Inglewood officer in 2nd gun death
An Inglewood police officer who shot and killed an armed man early Monday while responding to a domestic disturbance call is one of two patrolmen under investigation for another fatal shooting in May, authorities said.
Officer Brian Ragan, a 5 1/2 -year veteran of the department, was immediately placed on paid administrative leave after the shooting of Kevin Wicks, 38, said Capt. Eve Irvine, commanding officer of the department’s detective bureau.
Ragan was one of four officers who responded to a family disturbance call at Wicks’ apartment in the 100 block of North Hillcrest Blvd. about 12:30 a.m., authorities said. The officers knocked on the door and it was opened by a man holding a gun, police said.
“At one point while the door was ajar, the officers observed that Wicks was holding a handgun,” police said in a prepared statement. “Wicks then suddenly raised the handgun at the officers, which resulted in one officer firing his service weapon in self-defense.”
Wicks, who had been alone in the apartment, was taken to a hospital, where he died, police said. At the scene, officers recovered a handgun registered to Wicks, Irvine said.
Kevin Hackie, a private investigator hired by Wicks’ family, said later that officers had gone to the wrong apartment and that they did not identify themselves. But police said that was not the case.
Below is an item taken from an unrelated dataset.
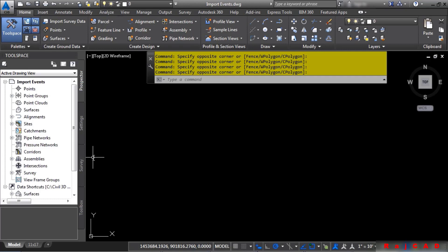In this video, we will discuss import events. Import events display each of the imports a user has done and stores it in the survey database. The import events functionality not only gives you a record of the imported survey data, but it allows you to quickly reprocess the survey data if external survey files or Civil 3D settings and styles have changed.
Ragan and Officer Roman Fernandez had previously been placed on administrative leave after the May 11 shooting of Michael Byoune, 19, Larry White, 19, and Chris Larkin, 21. Byoune died from his wounds.
In that case, the officers had believed they were under fire when they shot at the vehicle the three men were riding in, but the men were unarmed. The victims’ families have filed a $25-million lawsuit against the city and the department.
Monday evening, dozens of residents, family members, friends and community activists gathered outside Wicks’ apartment complex to protest his shooting, chanting “Enough is enough.” They said they planned to attend tonight’s City Council meeting to register their outrage.
Dorothy Nelson, Wicks’ grandmother, described him as an honest and hardworking man. She said Wicks, who worked for the U.S. Postal Service, had two daughters, ages 12 and 2.
“It’s very sad that our system is so poor that they would put a police officer that just shot someone” back on the street, she said, referring to Ragan, who returned to work last month.
The Rev. Cecil L. “Chip” Murray, former pastor of the First African Methodist Episcopal Church in Los Angeles, said “justice is in a waiting mode.”
“I hope the system will be true to the best that is within us,” he said.
Reached at his home, Paul Edwards, cousin of Michael Byoune, said he also was upset that Ragan had returned to work so soon after the May shooting. He questioned the department’s rationale for putting him back on patrol while an investigation is still underway.
“It’s astonishing that with Brian Ragan’s recent history that he would be back on the force,” Edwards said.
Inglewood Police Chief Jacqueline Seabrooks was on vacation and unavailable for comment. But Irvine, the Inglewood captain, said a psychologist had cleared Ragan for active duty and that the department had concurred. She said every officer-involved shooting is handled differently based on the circumstances.
But generally, she said, officers are allowed to return to work “as long as criminal charges are not pending and there are no extenuating circumstances.” She said the department doesn’t always wait until an investigation is complete because that could take six months or more.
The Los Angeles Police Department operates under a similar policy. Officers who fire their weapons are immediately reassigned pending a 72-hour review of the shooting, officials said. During that time, they are removed from the field and are required to speak with a department psychologist.
The shooting is reviewed by the police chief, who decides whether the officer should remain restricted or allowed back on patrol pending an investigation, officials said.
Among the criteria considered are the circumstances of the shooting, whether the officer would be recognized and confronted by the public, and whether the officer has been affected physically or emotionally by the incident.
In cases where there are allegations of criminal or administrative wrongdoing, it could take months before an officer is placed back in the field, officials said.
Merrick Bobb, a Los Angeles lawyer who helps monitor and give guidance to police departments around the country, said it was hard to judge whether Ragan should have been back in the field because of the Inglewood’s Police Department’s refusal to be “transparent and accountable.”
“A large dark cloud hangs over the department and has been there for several years, all because of these shootings, beatings and other cases of apparent misconduct,” said Bobb, who also serves as a special counsel to the L.A. County Board of Supervisors. “It may be time for the civil rights division of the U.S. Department of Justice to initiate a ‘pattern or practice’ investigation of the Inglewood P.D. such as occurred in Los Angeles after the Rampart corruption scandal.”
Times staff writer Ari B. Bloomekatz contributed to this report.